TASK ITEM: For the material below, return exactly the lines starting at the one holding "110120 - Scarlets" and ending at the one holding "an assortment of", counting both as part of the range.

EXERCISE INPUT:
....................
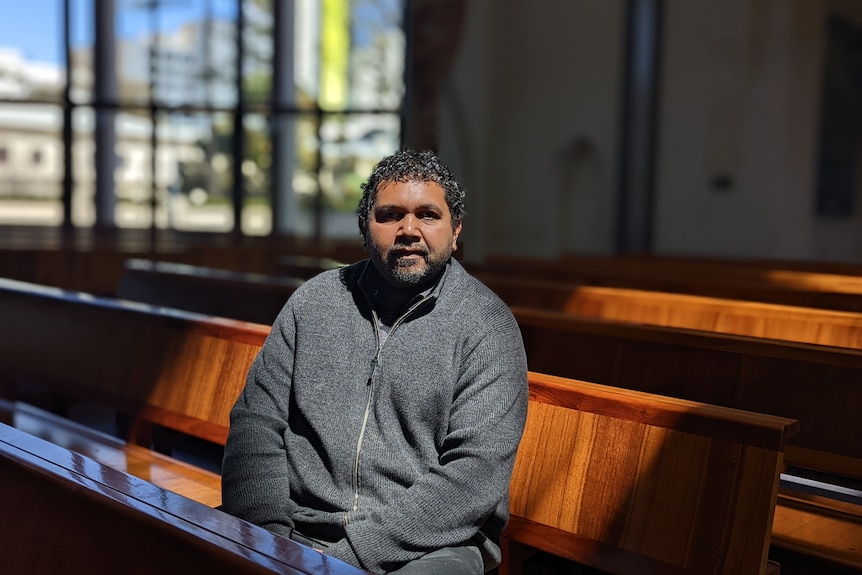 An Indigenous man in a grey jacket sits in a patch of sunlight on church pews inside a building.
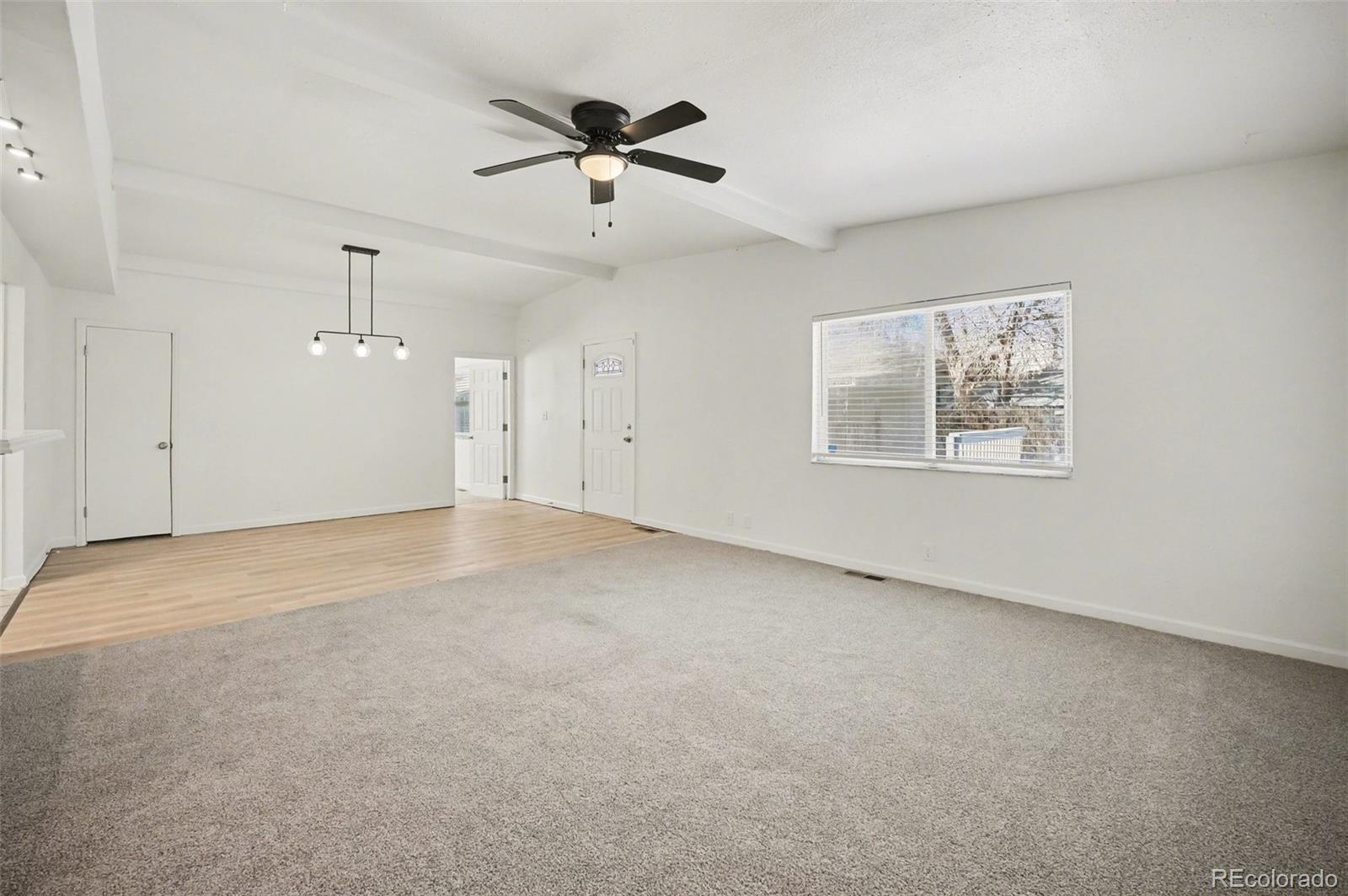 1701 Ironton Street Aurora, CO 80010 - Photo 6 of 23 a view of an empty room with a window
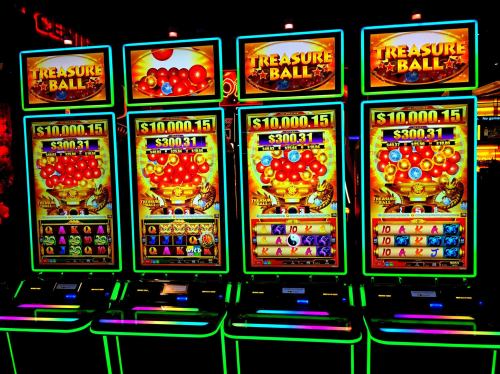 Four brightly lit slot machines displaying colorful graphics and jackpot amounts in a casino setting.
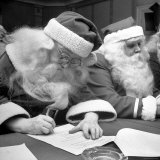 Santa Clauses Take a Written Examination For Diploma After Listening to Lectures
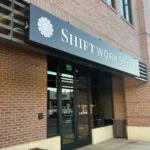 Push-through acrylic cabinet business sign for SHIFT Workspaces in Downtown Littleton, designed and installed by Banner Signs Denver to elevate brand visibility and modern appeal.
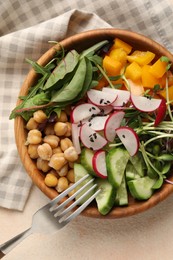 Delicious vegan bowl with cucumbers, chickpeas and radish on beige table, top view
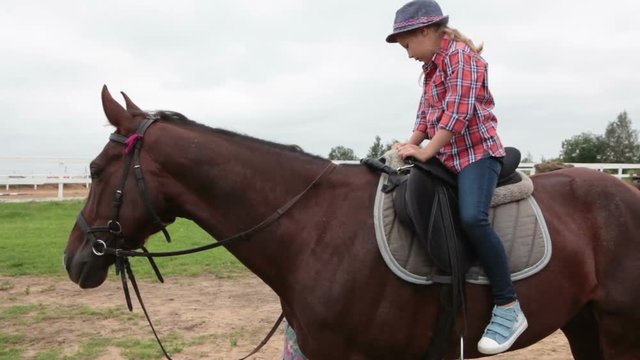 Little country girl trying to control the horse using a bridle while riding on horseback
....................
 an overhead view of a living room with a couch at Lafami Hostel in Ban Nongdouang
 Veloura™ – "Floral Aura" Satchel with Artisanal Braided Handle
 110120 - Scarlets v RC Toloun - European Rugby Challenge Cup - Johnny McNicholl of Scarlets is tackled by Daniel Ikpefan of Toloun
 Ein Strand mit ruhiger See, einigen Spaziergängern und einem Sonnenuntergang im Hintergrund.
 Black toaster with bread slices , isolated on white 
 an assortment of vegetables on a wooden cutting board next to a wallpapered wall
....................
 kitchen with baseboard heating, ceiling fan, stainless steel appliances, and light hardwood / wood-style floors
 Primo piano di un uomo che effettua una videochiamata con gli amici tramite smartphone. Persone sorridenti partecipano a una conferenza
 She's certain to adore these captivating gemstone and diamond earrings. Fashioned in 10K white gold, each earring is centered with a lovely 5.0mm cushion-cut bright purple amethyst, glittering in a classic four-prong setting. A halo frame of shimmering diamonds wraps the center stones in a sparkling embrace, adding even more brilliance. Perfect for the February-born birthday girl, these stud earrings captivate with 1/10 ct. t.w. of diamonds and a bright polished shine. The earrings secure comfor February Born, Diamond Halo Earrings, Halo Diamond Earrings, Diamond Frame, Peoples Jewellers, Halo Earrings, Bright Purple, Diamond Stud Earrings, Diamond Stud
....................
SOLUTION FOR THIS EXERCISE:
 110120 - Scarlets v RC Toloun - European Rugby Challenge Cup - Johnny McNicholl of Scarlets is tackled by Daniel Ikpefan of Toloun
 Ein Strand mit ruhiger See, einigen Spaziergängern und einem Sonnenuntergang im Hintergrund.
 Black toaster with bread slices , isolated on white 
 an assortment of vegetables on a wooden cutting board next to a wallpapered wall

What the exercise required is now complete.